RZOLV’s latest results point in that direction.


The testwork suggests that lower-copper material may be amenable to direct RZOLV leaching, while higher-copper material may benefit from copper pretreatment followed by RZOLV leaching. That creates a flexible framework for evaluating copper-gold resources. Instead of rejecting a deposit or stockpile because it contains problematic copper, operators may be able to classify material by copper content, recovery response, and reagent demand, then route it through the most appropriate RZOLV-based flowsheet.


This kind of ore-selective approach is important because complex deposits are rarely uniform. A mine may contain zones that are clean enough for direct processing, zones that require pretreatment, and zones where copper recovery could become a potential by-product opportunity. RZOLV’s platform approach may allow those differences to be managed rather than ignored.

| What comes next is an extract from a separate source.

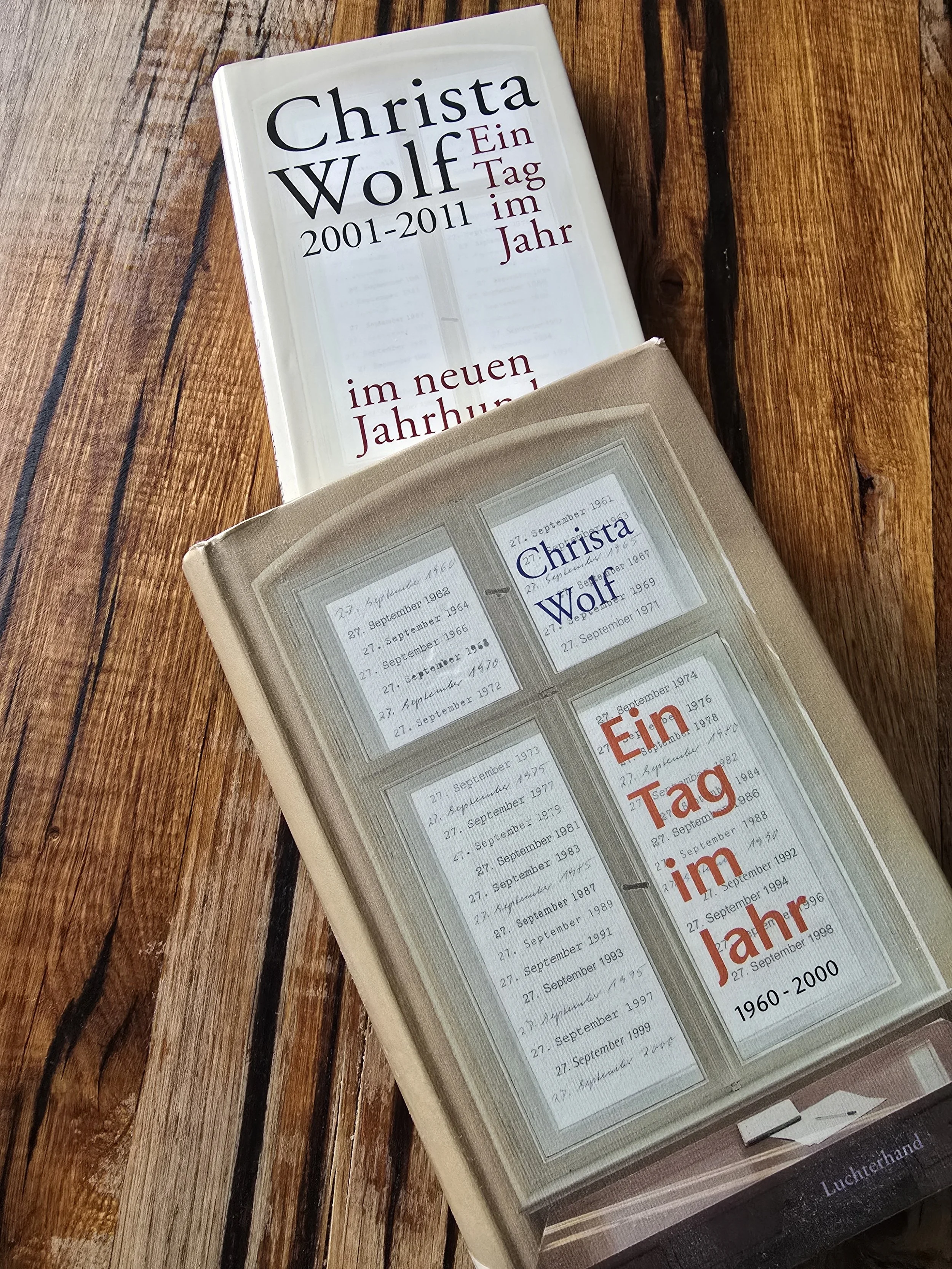 Zwei Bücher von Christa Wolf mit dem Titel 'Ein Tag im Jahr 2001-2011' und eines mit dem Titel '27. September 1964', liegen auf einem Holztisch.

A Potential Step Forward for Cleaner Gold Processing

The gold industry is under increasing pressure to reduce environmental impact, improve recovery, lower costs, and extract more value from existing resources. Technologies that can recover gold without cyanide are attracting growing attention, but the bar is high. A viable alternative must do more than work on clean ore. It must demonstrate relevance to the difficult materials that operators actually face.


That is what makes this latest RZOLV result noteworthy.


The company has demonstrated meaningful gold recovery from low-grade copper-gold complex material, shown that copper can be selectively reduced before leaching, confirmed no measurable gold loss during pretreatment under the tested conditions, and demonstrated meaningful reductions in reagent demand. Those findings collectively support the possibility of a broader application window for the RZOLV platform.


More work is required. The current results are laboratory-scale. They are specific to the samples and conditions tested. Repeat testing, larger-batch work, continuous-flow validation, downstream recovery testing, environmental evaluation, and economic analysis will be needed before commercial application can be determined.

But as a metallurgical development, the result is important.


It suggests a potential route for recovering gold from copper-bearing materials that conventional systems may find difficult. It may reduce reliance on cyanide-based copper management infrastructure such as SART plants. It may create new options for stranded deposits, spent leach pads, and low-grade copper-gold resources. And it reinforces the idea that the next generation of gold recovery may be defined not only by new discoveries, but by better ways to process the resources already in front of us.


The Bottom Line

RZOLV’s latest copper-gold testwork is significant because it addresses one of the mining industry’s most persistent challenges: how to recover gold from low-grade material complicated by copper.


By demonstrating gold recovery from contrasting copper-gold composites, showing selective copper removal without measurable gold loss, and reducing reagent demand after pretreatment, RZOLV has outlined a potential processing pathway for materials that are often difficult, costly, or environmentally challenging for conventional cyanide systems.


For an industry looking to unlock stranded value, reprocess legacy materials, and reduce reliance on cyanide-intensive infrastructure, this could be an important step forward.


Disclaimer

This article is for informational purposes only and does not constitute investment, technical, or commercial advice. The RZOLV results discussed are preliminary laboratory-scale results from specific samples and test conditions, and should not be interpreted as demonstrating commercial viability, mine-scale performance, or applicability to other ores, deposits, stockpiles, or spent leach pads without further testing.


Statements regarding potential applications, copper management, reduced reliance on cyanide-based infrastructure, reagent efficiency, scale-up, or commercialization may be forward-looking and are subject to technical, economic, regulatory, and operational risks. Additional testwork, process optimization, engineering, environmental review, and economic analysis will be required before any commercial application can be determined.